When you work in a large institution you are subject to highly centralised IT policies. You can understand what happens in such cultures, as their mission is not innovation, research, or teaching, but to ensure that the network is there all the time, works properly, and is not abused. Network integrity.
At my particular university this august group is known as ITS, Information Technology Services. I think the Services part is mock serious. They listen, and they certainly have done well in terms of the blogs my students run (we install them ourselves but they are happy to allow them), but we now have a rather substantial firewall. The Great Firewall.
Now firewalls make sense for all sorts of reasons, but it also means that for such institutions the default point you begin from is to largely shut everything except the obvious, and then possibly open others if and when someone makes a case. Hence I can no longer use my RSS client, ANT (video aggregation), most of the chatter that blogs rely on (pings and the like) is now broken, and I suspect, though haven’t had a chance to confirm, that I can no longer video conference using iChatAV. Various software products can no longer check for updates automatically.
Unfortunately, there isn’t a single thing in all of this that I can simply point to and say, “see, I can’t do my job”. Yes, it is really going to stuff up my second year curriculum, yes it seriously hinders my day to day teaching, research, and administration, but in each case the onus is on me, more than ITS, to demonstrate the legitimacy of the task. For example the blogs. We have a similar body, LTS (Learning Technology Services) who provide vast resources for elearning. The question to me is “why don’t I just use LTS?”, after all, this is their purpose. I can answer that they don’t have blogs (ah, “what’s wrong with the journal software though?”), everything is firewalled (“does it matter that student work is public, I mean, what if they’re writing something they shouldn’t?”), and students can’t customise and break things as they ought. But from a particular point of view, the problem is with me. It is an argument I need to make, if only because in such an environment innovation becomes stifled, or I could move to the computer science department (kidding) where, like in all universities, institutions like ITS know to leave well alone.

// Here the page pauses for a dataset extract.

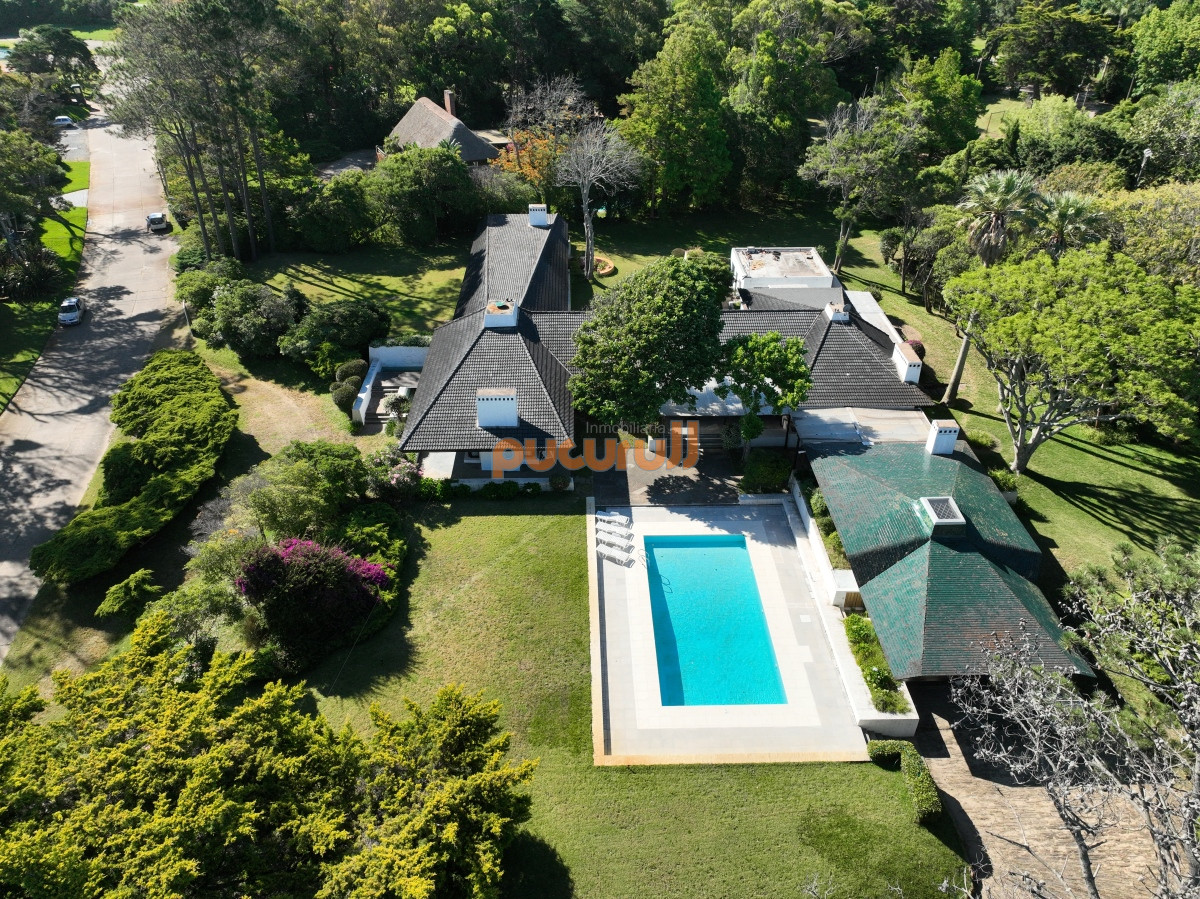 Casa ID.1655 - Venta Casa 6 suites en Punta Ballena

I’m the empowered user here. I can work out what ports I need opened and try and make a case for it. But what about everyone else? Just imagine all the possibilities that will not even be able to present themselves as possibilities because staff can’t even see them in the first place (download Skype, just doesn’t work because of the firewall, but the average user doesn’t know this, so it becomes another example of the ‘problem with computers’). It is a bit like not letting some academics have access to particular library shelves, unless you’re really really clever at finding that the shelf is actually there.